In almost every instance of a major evangelical celebrity failing, if you look at the after action reports that trickle out a few months later, you are left shaking your head. Even in situations (like the RZIM one) where it isn’t clear that anyone else explicitly knew what was happening, they all participated in a system that gave one man unbelievable power and allowed him at the same time to design his own systems of accountability. Even if it hadn’t been abused, it never should have been allowed to exist. Especially in the entrepreneurial world of American evangelicalism, if we want these things to happen less often, we need to start having serious discussions about how we structure our institutions and churches.

All of which is to say, we should name and grieve our own sins. We should use scandals like this one to check our hearts and repent. However, we should not stop there. We should also confront the true horror of the scandal, embrace its victims, reflect on the need for character in leadership and try to build and be churches that are prepared to detect and oppose such abuse.

Comments

  1. I’ve been reading through (and enjoying being challenged by) your blog posts for the past few days. This is another good and challenging one.

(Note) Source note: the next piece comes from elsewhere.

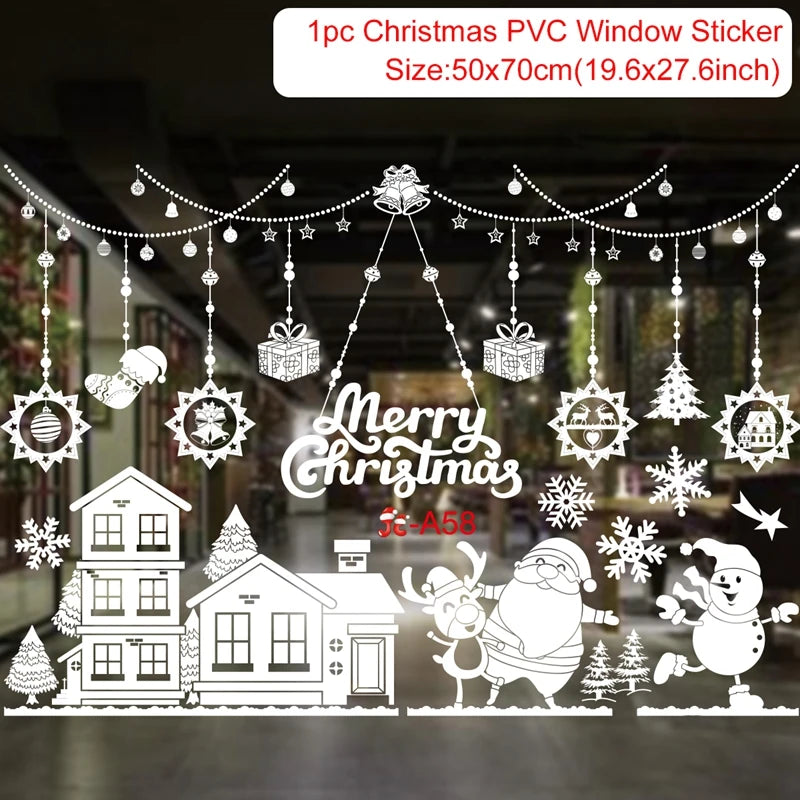 Christmas Window Stickers Christmas Wall Sticker Kids Room New Year Decoration 2025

    I want to start by saying that I know nothing about the particular circumstance discussed, but I do wonder if this post doesn’t conflate two different issues (perhaps because they are so often conflated by pretty much everyone): consequences and condemnation. In other, similar situations, I have seen the church at large be incredibly ungracious in its response to sinful human beings, inclining me to be the kind of person who says “all have sinned and fall short of the glory of God.” That said, it has always seemed appropriate to remove such people from positions of authority when they fail to meet the qualifications for the positions they hold. That strikes me as a natural and scriptural consequence of someone’s sin rather than condemnation of the person for it.

    I have long felt that it is not man’s job to mete out judgment, but God’s. The church, as far as I am able to tell, is called to lovingly act as an image of Christ’s grace in the real world. That does not mean glossing over sin and saying “it’s fine, everybody sins,” but it concerns me deeply when the church at large seems to want to bludgeon sinners in an effort to distance itself from them.

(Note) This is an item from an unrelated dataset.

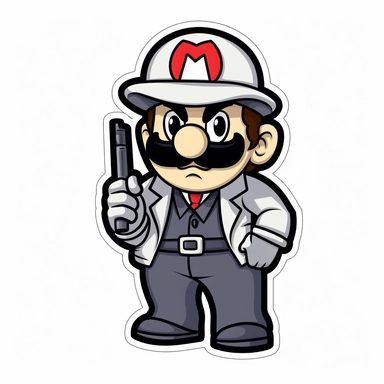 super mario 1920 gangster outfit, simple comic style, sticker, illustration , vector, clipart, white background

    Should pastors be sexually abusing congregants? Obviously not. Is it surprising that they do in a church composed of fallen people in a fallen world? Not to me, at least. Ought such actions to have serious consequences? Yes. But when those consequences include hissing and booing a discovered sinner because he did a bad thing, I worry that we lose our focus on what we’re called to: grace. You discuss God’s righteous anger against such sin, but isn’t it his very righteousness that gives him the standing needed for righteous anger? Isn’t that precisely why vengeance belongs exclusively to Him?

    I doubt we actually disagree (it seems more likely that some nuance that you intended to convey was lost on me), but it seems as though the proper course for the church is anguish for the broken world we live in, love and grace and caring for the victims hurt by sin, and measured, practical responses to the sinner. As soon as we make the sinner an enemy and an outcast, however, we risk losing site of the fact that we were also an enemy of God and an outcast, and would still be without His grace.

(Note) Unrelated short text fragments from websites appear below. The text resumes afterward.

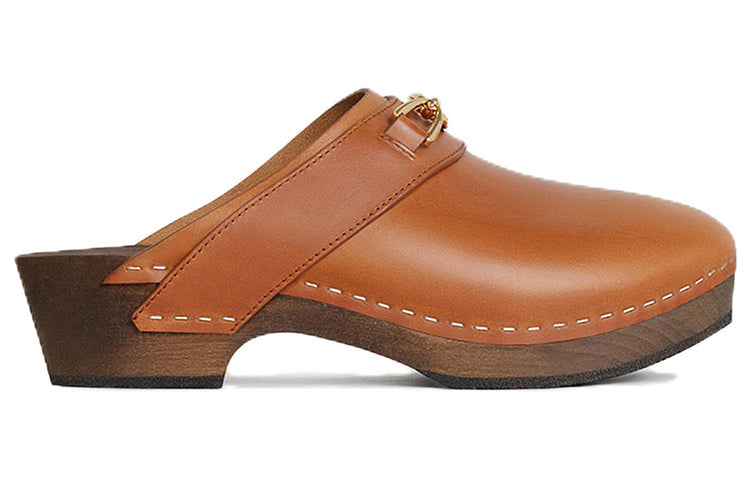 CELINE Closed Toe Slippers Women's Brown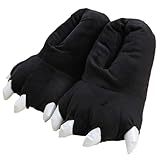 Donubiiu Unisex Soft Plüsch Haus Hausschuhe Tier Kostüm Pfote Claw Schuhe，plüsch Hausschuhe ，Hausschuhe Tiere (Schwarz,Damengröße passt 35-39)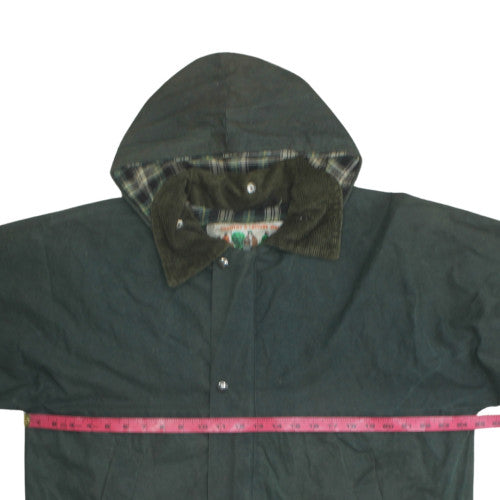 Country & Leisure Wear Mens Green XL Waxed Hooded Coat
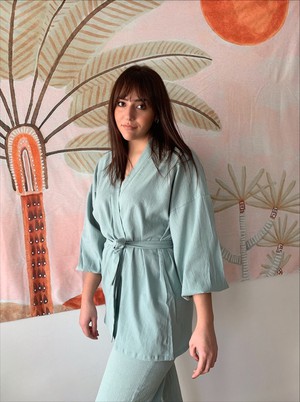 Alice Mint Crinkle Gauze Kimono from Chillax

    Whatever Ravi’s heart looks like, he is clearly in need of that grace, and the church is called to offer it. Not spinelessly and not like a doormat, but the same way it was offered to us: freely, willingly, and with open arms. As the kind of person who often draws equivalencies between sins, it hurts when the church appears anxious to slam its doors shut to a sinner in need of grace because of their position. Of course they shouldn’t retain their position, but tarring and feathering them seems to exceed the bounds of the church’s earthly authority in a very sinful way.

    Sorry for the rambling response. Thanks for sharing such good and challenging thoughts.